A alimentação biológica é aquela que faz bem ao corpo. Não se atrela a nenhum dos estereótipos alimentares que normalmente associamos quando estudamos sistemas nutricionais. Se o corpo está mal, é importante tomarmos a decisão de mudar a alimentação.

Para se ter sucesso em qualquer empreitada, é fundamental termos muito claro quais são os nossos objetivos. Com a alimentação isso não é diferentes. Nossa alimentação será diferente, dependendo do nosso propósito: matar a fome, ter prazer ou apenas nutrir. Um sistema alimentar perfeito deve contemplar estes três aspectos. Não podemos negligenciar nenhum deles.

Uma regra áurea dos que estão acostumados às mudanças é a de que, quando um paradigma muda, tudo volta a zero. Uma tomada de consciência sobre a importância de um sistema alimentar adequado obrigará você a reaprender tudo o que achava que sabia. Em outras palavras: esqueça tudo aquilo que você pensa que sabe sobre alimentação. Vamos começar de novo.

O corpo precisa de aproximadamente uns 50 elementos para funcionar perfeitamente. A cada refeição, o organismo fará um check-list dos nutrientes ingeridos e realizará uma contagem de estoque. Se você ingerir apenas sódio, açúcar, gorduras e amido em todas as refeições, o corpo continuará enviando sinais de fome ao cérebro. É desnecessário dizer que o resultado disso será o mal funcionamento do organismo.

É mais fácil educar a criança do que corrigir o adulto. Rogério Brant

Algo a ser observado é o fato de que o corpo irá se comunicar conosco através de uma linguagem simbólica própria. As células não falam português, mas elas irão se comunicar. Aprender o significado dessa linguagem é importante para a saúde. Por exemplo: a sensação de fome não significa que o corpo precisa comer. Significa que ele precisa se nutrir.

No sentido de nos reeducar para uma alimentação mais saudável, podemos nos situar em um dos três estágios a seguir.

1. Incompetência ignorante: Não sabemos do que precisamos e, mesmo que soubéssemos, não saberíamos realizar.

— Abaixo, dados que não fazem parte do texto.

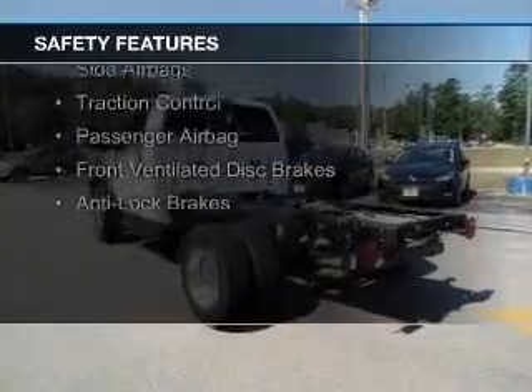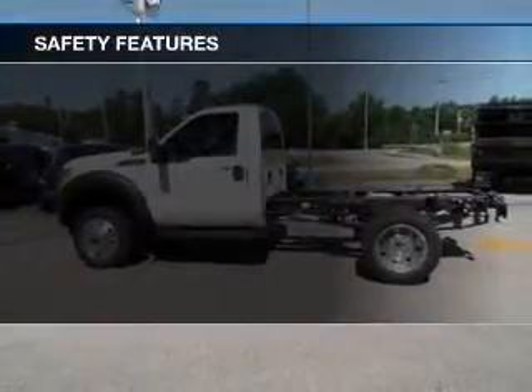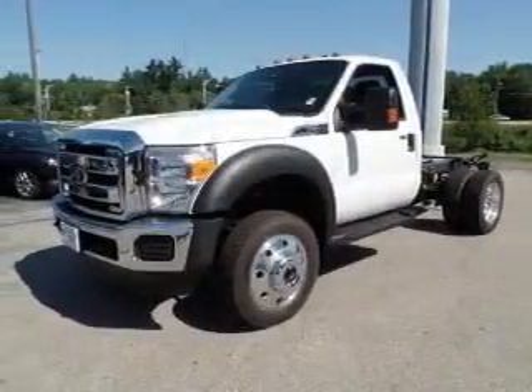Safety was made a priority with these features: curtain head airbags, side airbags, traction control, a passenger airbag, front ventilated disc brakes, and anti-lock brakes.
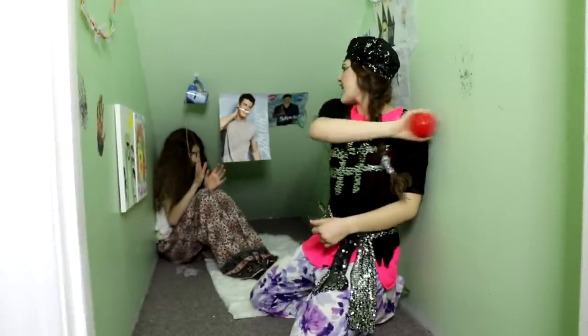Catch, Thurma, catch! Come on, Thurma, throw it back! Throw it back! Catch, Shawnee, catch!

2. Incompetência consciente: Sabemos que precisamos mudar, mas não sabemos como fazê-lo.

3. Competência consciente: Sabemos o que é preciso e sabemos como fazer.

A alimentação biológica é baseada naquilo que a natureza nos oferece para nos nutrirmos. Se o alimento fugiu correndo, isso significa que a natureza não ofereceu. Logo, este sistema alimentar se confunde com o lacto-vegetarianismo. Mas muitas propostas do lacto-ovo-vegetarianismo e do veganismo também são aceitas. Considerando isto, vejamos então as opções que nos são ofertadas: raízes, tubérculos, bulbos, legumes, verduras, gramídeas, sementes, caules, cascas, ramos, frutas, nozes, pinhas, folhas, flores, queijos, iogurtes, coalhadas, etc.

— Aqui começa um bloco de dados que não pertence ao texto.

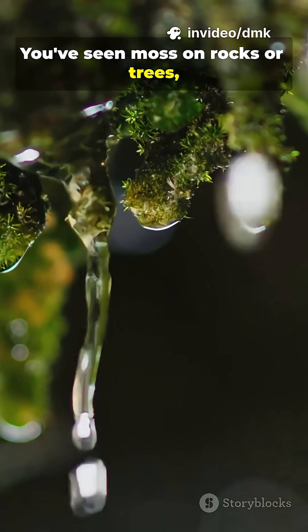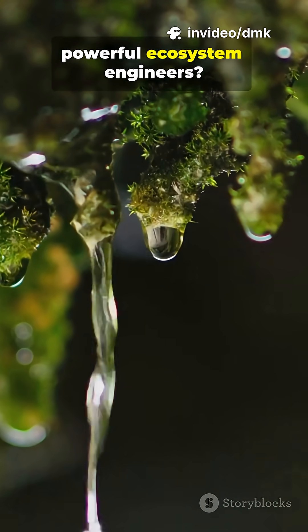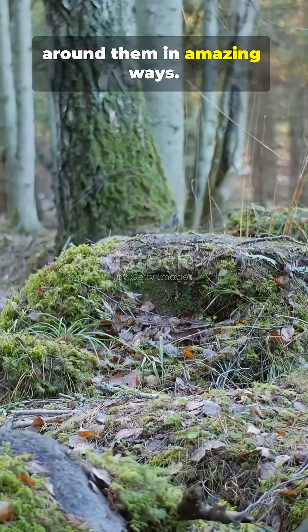You've seen moss on rocks or trees, but did you know these tiny green carpets are actually powerful ecosystem engineers? They quietly shape the world around them in amazing ways.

A única dificuldade aqui é a de que nenhum alimento vem pronto. É preciso fazer ficar gostoso. É aí que entram os temperos, que em nosso sistema são utilizados em profusão. E não estou falando de apenas sal e pimenta. Somente para citar alguns: açafrão, salsa, alecrim, alho, baunilha, cebolinha, coentro, cravo, cardamomo, canela, cominho, curry, erva doce, gengibre, hortelã, louro, manjericão, majerona, menta, mostarda, noz moscada, orégano, páprica, sálvia, tomilho, etc.

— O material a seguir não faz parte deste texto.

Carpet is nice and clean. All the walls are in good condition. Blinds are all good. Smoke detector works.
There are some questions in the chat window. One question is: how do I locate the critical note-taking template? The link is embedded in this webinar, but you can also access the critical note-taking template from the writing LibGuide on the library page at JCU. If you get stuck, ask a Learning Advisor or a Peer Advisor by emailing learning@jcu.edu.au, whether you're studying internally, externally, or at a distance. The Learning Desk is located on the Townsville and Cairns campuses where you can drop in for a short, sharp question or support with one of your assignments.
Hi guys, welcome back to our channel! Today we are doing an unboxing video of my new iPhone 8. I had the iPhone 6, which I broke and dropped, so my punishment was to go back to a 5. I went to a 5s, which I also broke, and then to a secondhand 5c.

Como última recomendação, se você é uma dessas pessoas que vivem dizendo “Ah! Não gosto disso ou daquilo…” ou então “Sou uma pessoa difícil de comer!” vamos parar com isso. Reeduque esse emocional infantil e vamos aprender a comer de tudo! Existe uma punição terrível para esse tipo de gente, que é o desprazer de viver uma vida insossa. Não há nada pior do que isso!